Sunday, November 02, 2008

Nasalism Blog.

Celebrate Liberation.
Celebrate Self-Reliance.
Celebrate Invention.
Celebrate Re-Creation.
Celebrate Blogs.
Celebrate Hope.
Celebrate Crust.
Celebrate You.
Celebrate Change.
Celebrate Blogs.

Gary Indiana's Utopia's Debris

We're publishing Gary Indiana's first novel since 2003's Do Everything in the Dark, The Shanghai Gesture. This book will be out in April of 2009.

However, right now, in our present moment, "one of America's leading cultural critics" has a new collection of essays fresh out from Basic Books, called Utopia's Debris.
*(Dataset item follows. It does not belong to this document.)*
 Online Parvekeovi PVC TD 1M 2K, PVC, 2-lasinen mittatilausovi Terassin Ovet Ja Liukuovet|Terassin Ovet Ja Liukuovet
It sounds pretty stellar, as the author riffs on topics ranging from Schwarzenegger's gubernatorial win to Bill Clinton's autobiography, from Celine to Wurlitzer.
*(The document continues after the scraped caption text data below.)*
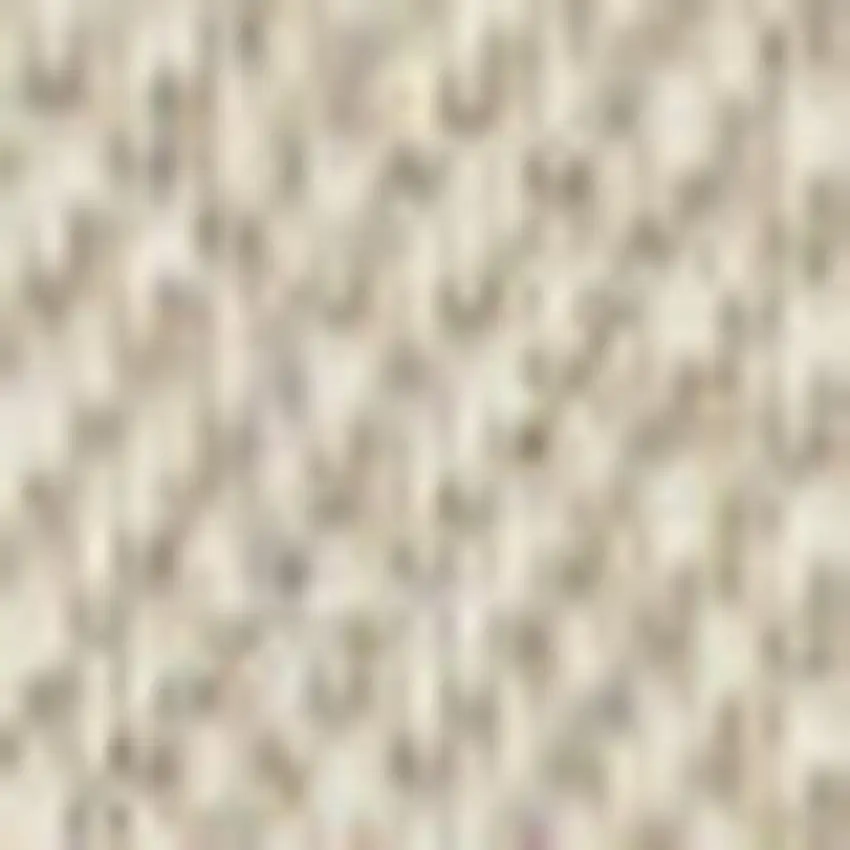 Green And Cream Striped Indoor Outdoor Area Rug Photo 2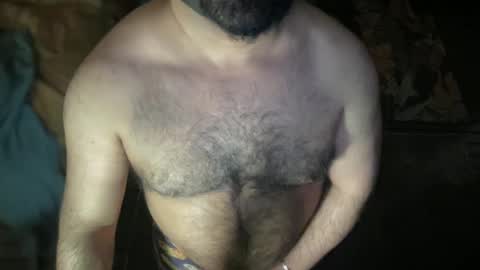 David C. R. online show from 01.26.25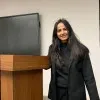 Shailja Yadav
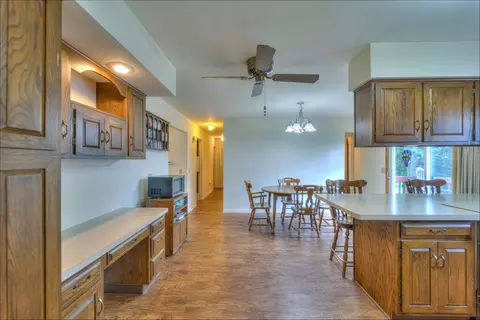 3101 John Glenn Dr, Jackson, MI 49201 photo 13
Yes: believe it. There is an entire chapter on the works of Rudolph Wurlitzer.

From the preface of Utopia's Debris: "We live in the wreckage of a century I lived through the second half of, a century of false messiahs, twisted ideologies, shipwrecked hopes, pathetic answers."

From Kirkus: "Indiana's thorough and balanced research coagulates into a convincing argument that the ills of the world are not natural occurrences like glaciation; there is accountability, and these people are responsible. A polychrome pastiche that soars with delicious insights."